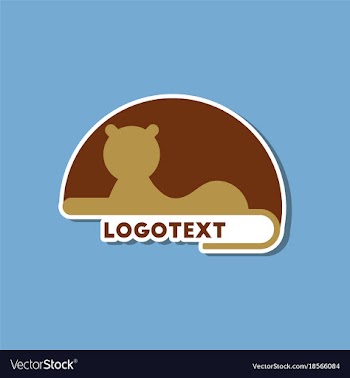 Paper sticker on stylish background lion logo vector image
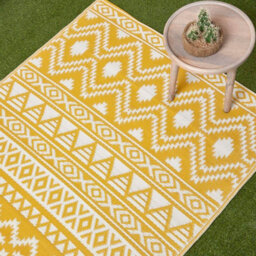 Homescapes Luxury Outdoor Rug Waterproof Reversible For Garden, 120 X 180 Cm, Yellow & White, 100% Recycled, Anna Aztec - thumbnail 2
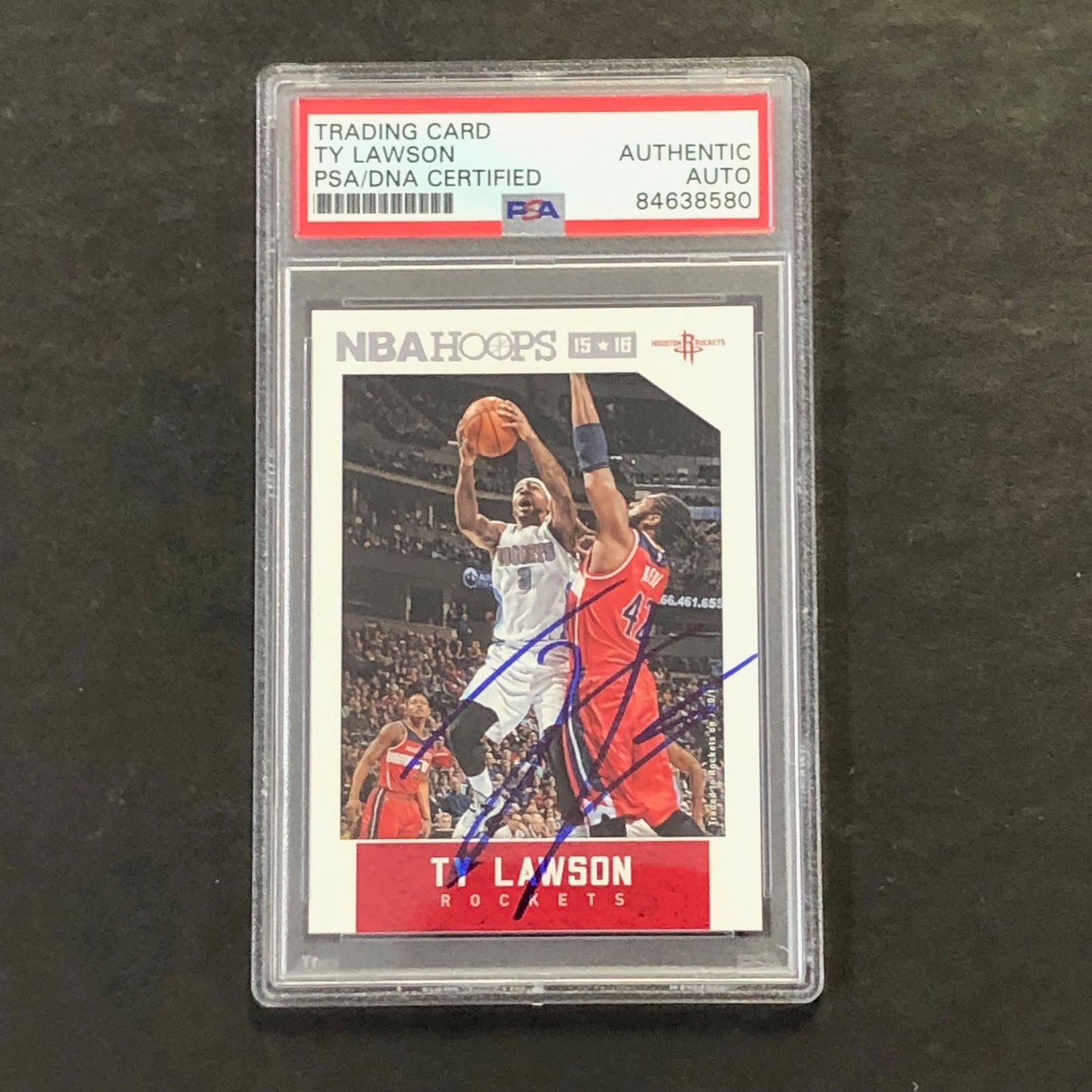 2015-16 NBA Hoops #170 Ty Lawson Signed Card AUTO PSA Slabbed Rockets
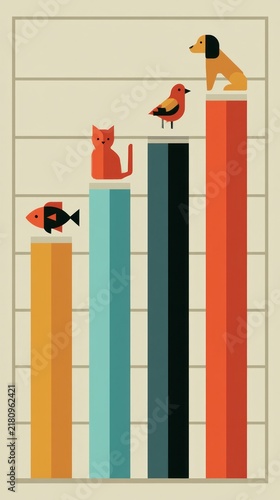 Colorful illustration of animal statistics with fish, cat, bird, and dog on bar graph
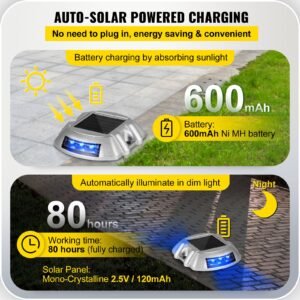driveway lights 24 pack, solar driveway lights with switch button, solar deck lights waterproof, wireless dock lights 6 leds for path warning garden walkway sidewalk steps, led bright blue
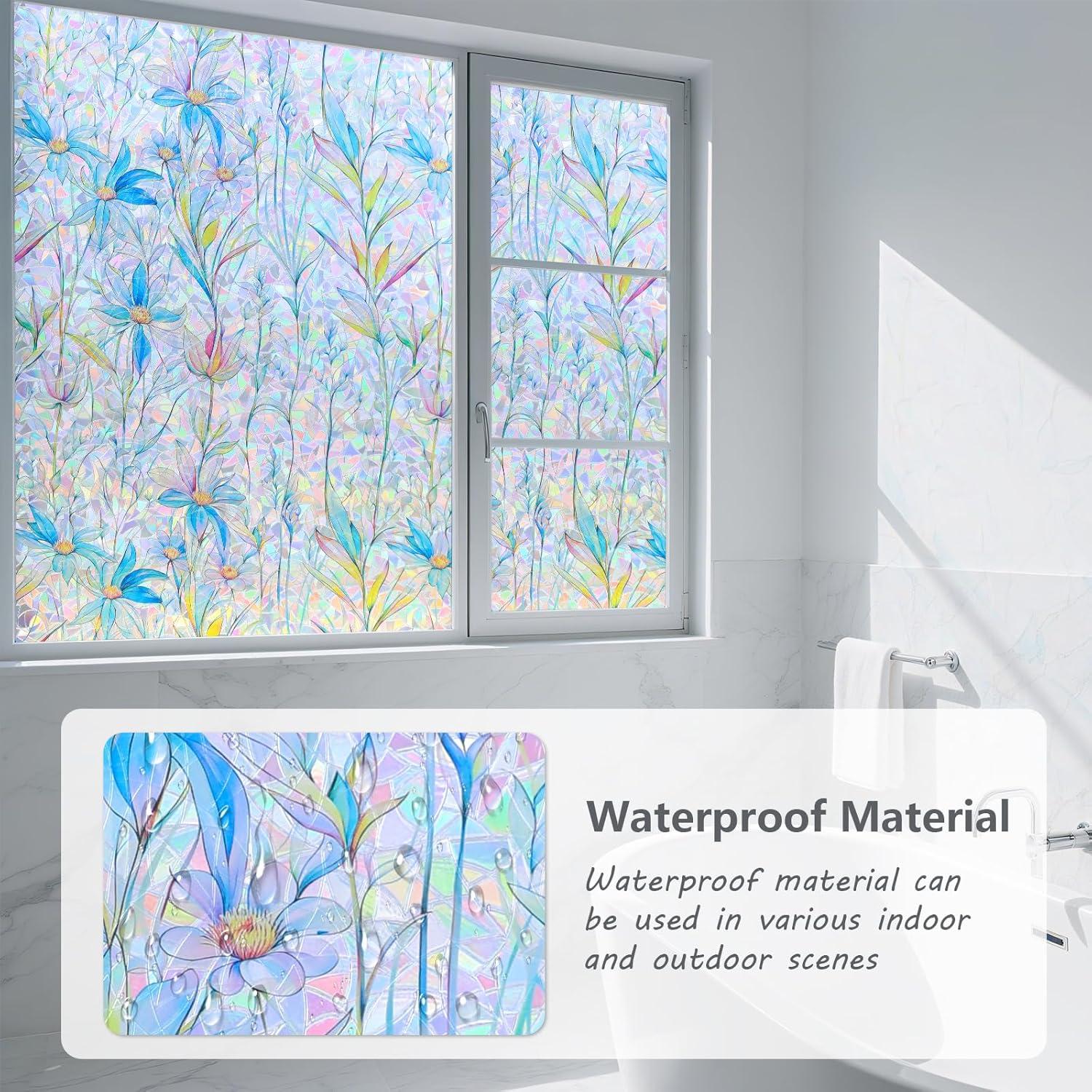 Película de Privacidad para Ventanas Finnez Loto Azul 44.5x198.1 cm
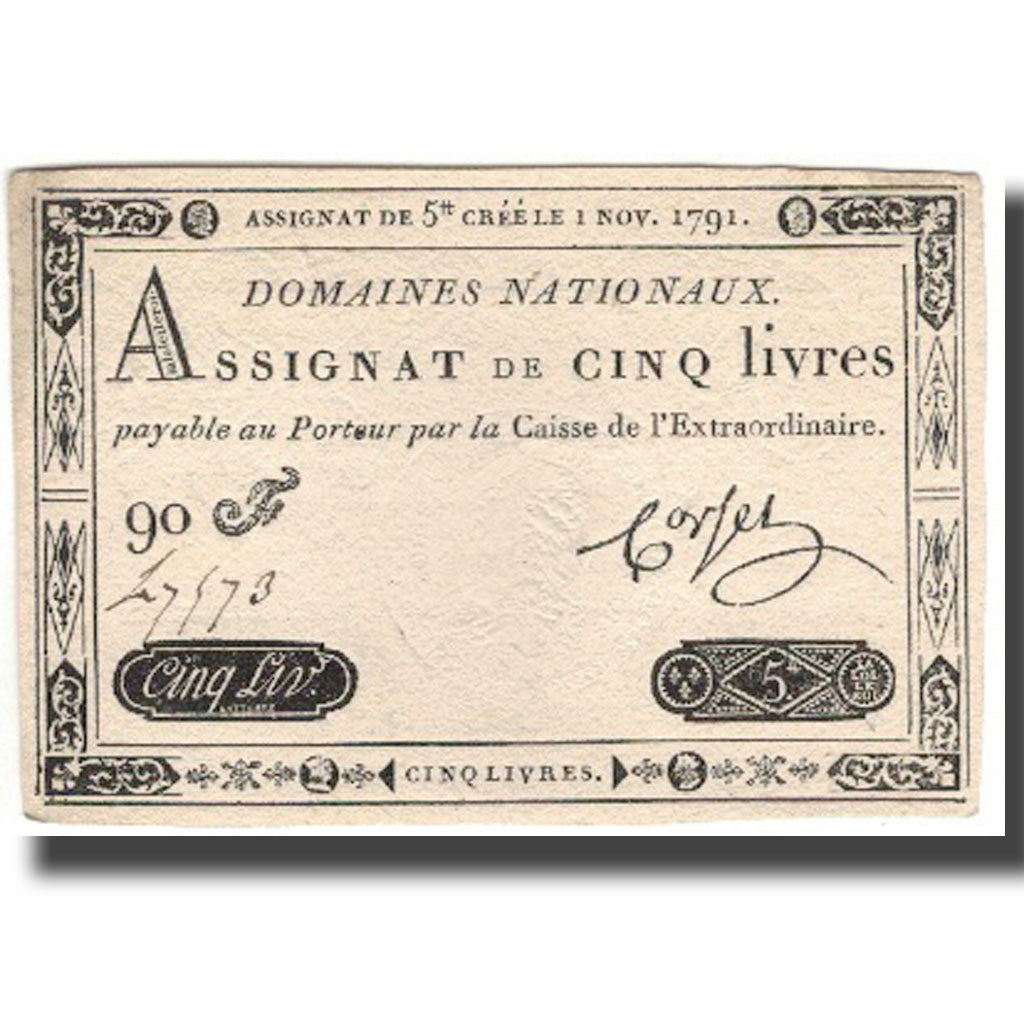 Francja, 5 Livres, 1791, 1791-11-01, AU(55-58), KM:A50, Lafaurie:145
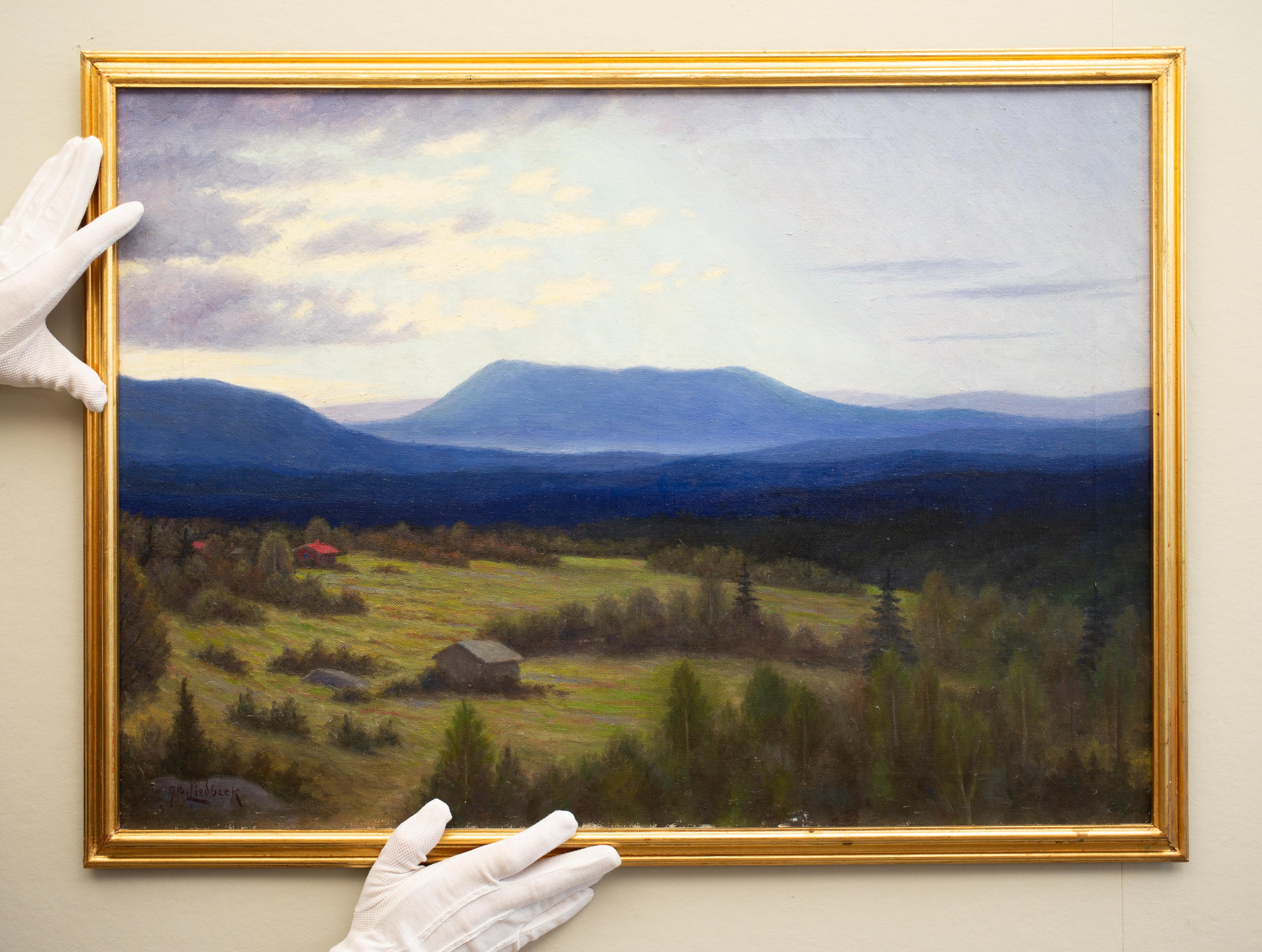 Landschaft mit blauen Bergen von Albert Liedbeck, Öl auf Leinwand, kostenloser Versand im Angebot 2
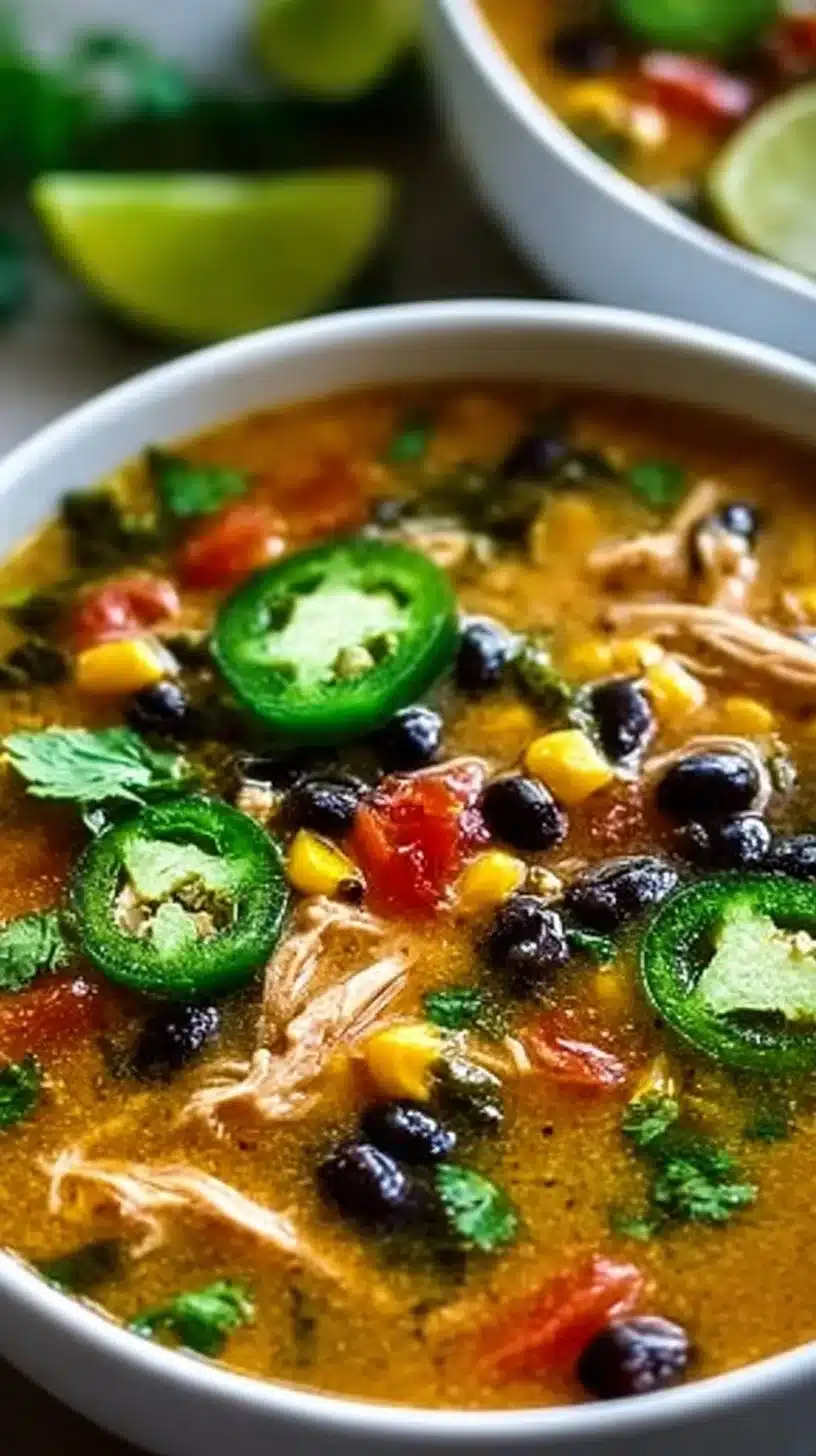 Bowl of Chicken Poblano Soup with black beans and fresh toppings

# # # #

Task item. Could you print the listing above word for word, without its pictures?

Final answer.
 Paper sticker on stylish background lion logo vector image
 Homescapes Luxury Outdoor Rug Waterproof Reversible For Garden, 120 X 180 Cm, Yellow & White, 100% Recycled, Anna Aztec - thumbnail 2
 2015-16 NBA Hoops #170 Ty Lawson Signed Card AUTO PSA Slabbed Rockets
 Colorful illustration of animal statistics with fish, cat, bird, and dog on bar graph
driveway lights 24 pack, solar driveway lights with switch button, solar deck lights waterproof, wireless dock lights 6 leds for path warning garden walkway sidewalk steps, led bright blue
 Película de Privacidad para Ventanas Finnez Loto Azul 44.5x198.1 cm
 Francja, 5 Livres, 1791, 1791-11-01, AU(55-58), KM:A50, Lafaurie:145
 Landschaft mit blauen Bergen von Albert Liedbeck, Öl auf Leinwand, kostenloser Versand im Angebot 2
 Bowl of Chicken Poblano Soup with black beans and fresh toppings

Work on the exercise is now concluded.